- [What needs to be done] Using the records below, write out the line with "this 598×550 image." and each line after it through the final one, exactly, and only those.

::: Task data

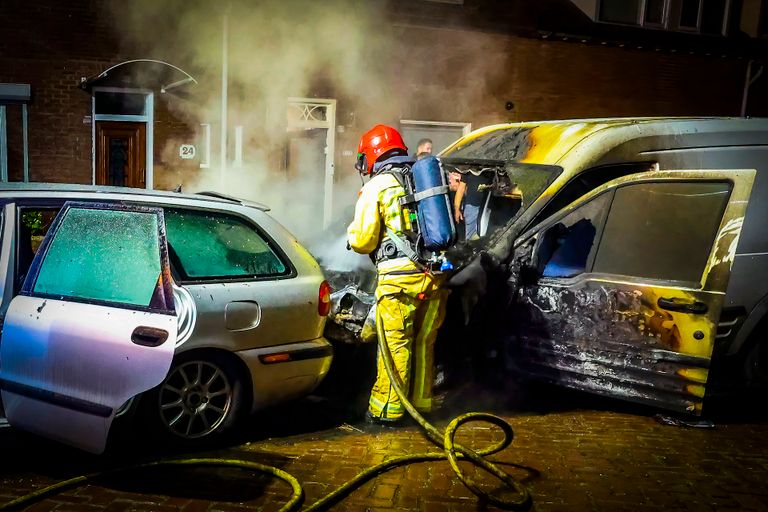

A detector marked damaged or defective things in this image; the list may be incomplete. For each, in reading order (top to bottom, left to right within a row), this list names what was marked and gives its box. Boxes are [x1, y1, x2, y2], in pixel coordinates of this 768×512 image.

burned van [438, 118, 768, 414]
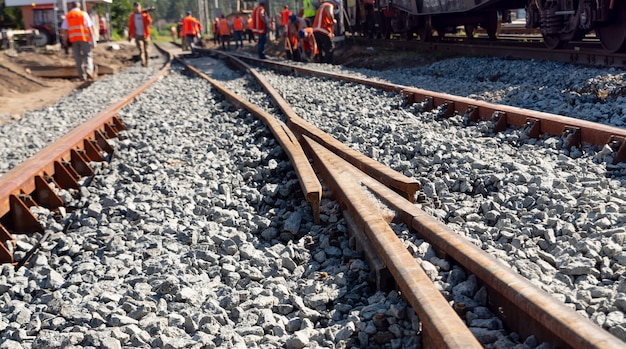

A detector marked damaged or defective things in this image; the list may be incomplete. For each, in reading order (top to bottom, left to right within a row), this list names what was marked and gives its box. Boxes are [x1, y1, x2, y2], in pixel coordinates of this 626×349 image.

rusty rail track [0, 47, 172, 262]
rusty rail track [199, 51, 624, 348]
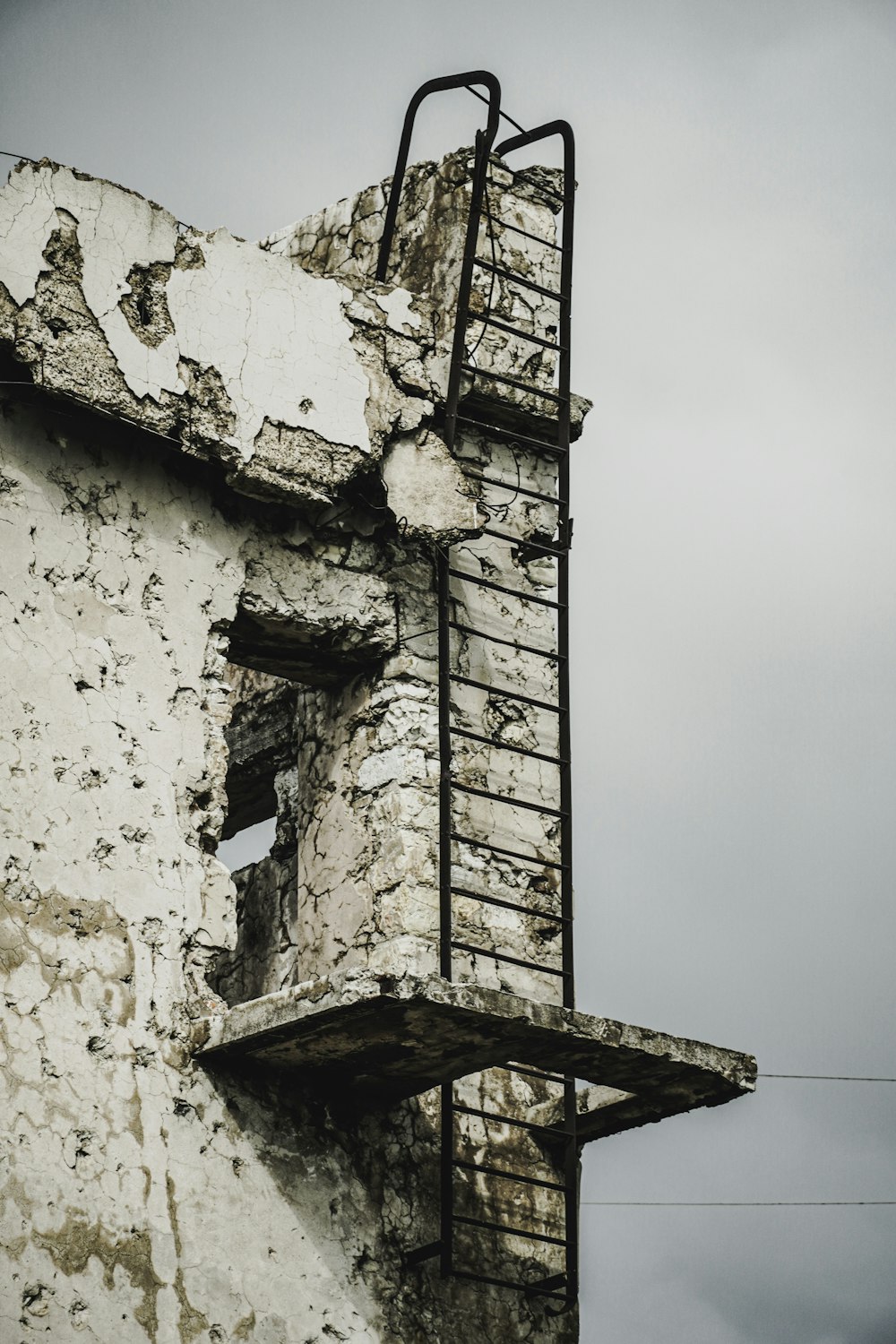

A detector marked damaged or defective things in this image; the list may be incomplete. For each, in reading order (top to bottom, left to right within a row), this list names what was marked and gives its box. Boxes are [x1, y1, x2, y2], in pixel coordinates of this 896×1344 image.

rusty metal ladder [376, 71, 573, 1305]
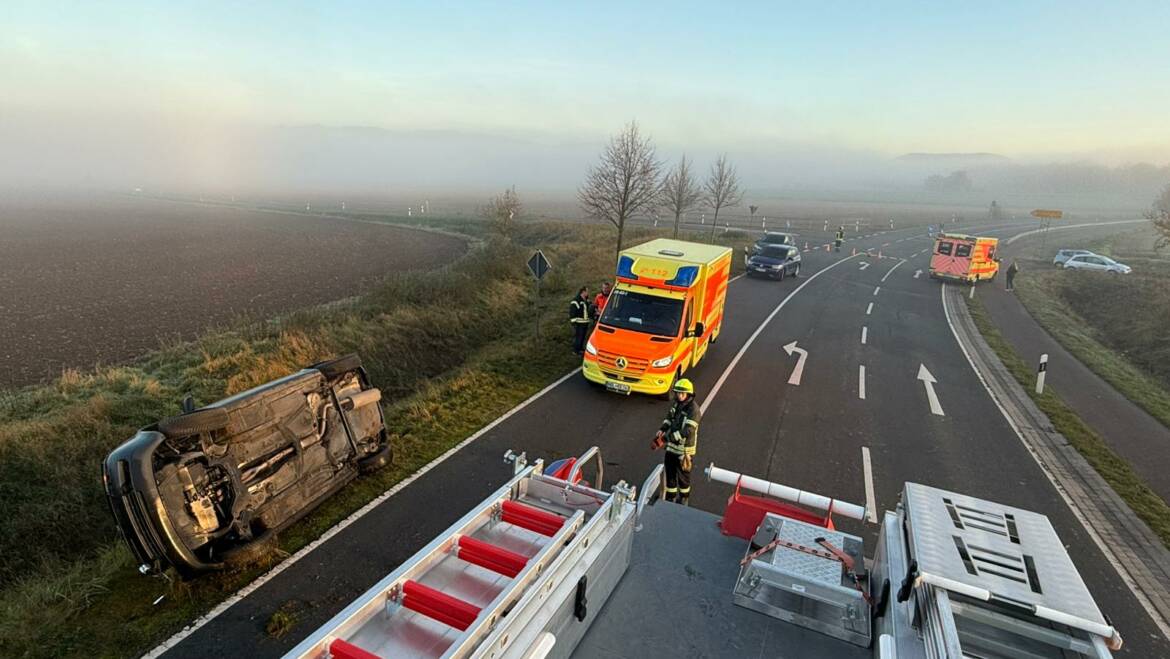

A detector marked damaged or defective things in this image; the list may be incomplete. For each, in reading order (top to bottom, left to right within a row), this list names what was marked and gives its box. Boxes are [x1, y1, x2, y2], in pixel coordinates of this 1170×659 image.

overturned vehicle [103, 356, 390, 576]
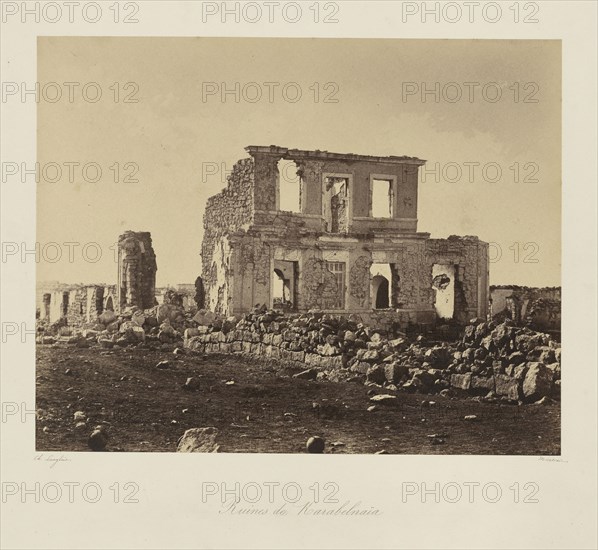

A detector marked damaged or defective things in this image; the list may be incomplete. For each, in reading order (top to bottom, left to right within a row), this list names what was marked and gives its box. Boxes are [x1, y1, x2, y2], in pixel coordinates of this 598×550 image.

broken roofline [246, 144, 428, 166]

::::::

- [Exercise result]
A detector marked damaged or defective things in this image; the list may be incomplete. For each, in reading order (top to bottom, left to right within a row), this list names what was marked and gives its box. Boxes are [x1, y1, x2, y2], in pixel coordinates of this 598×550 image.

broken roofline [246, 144, 428, 166]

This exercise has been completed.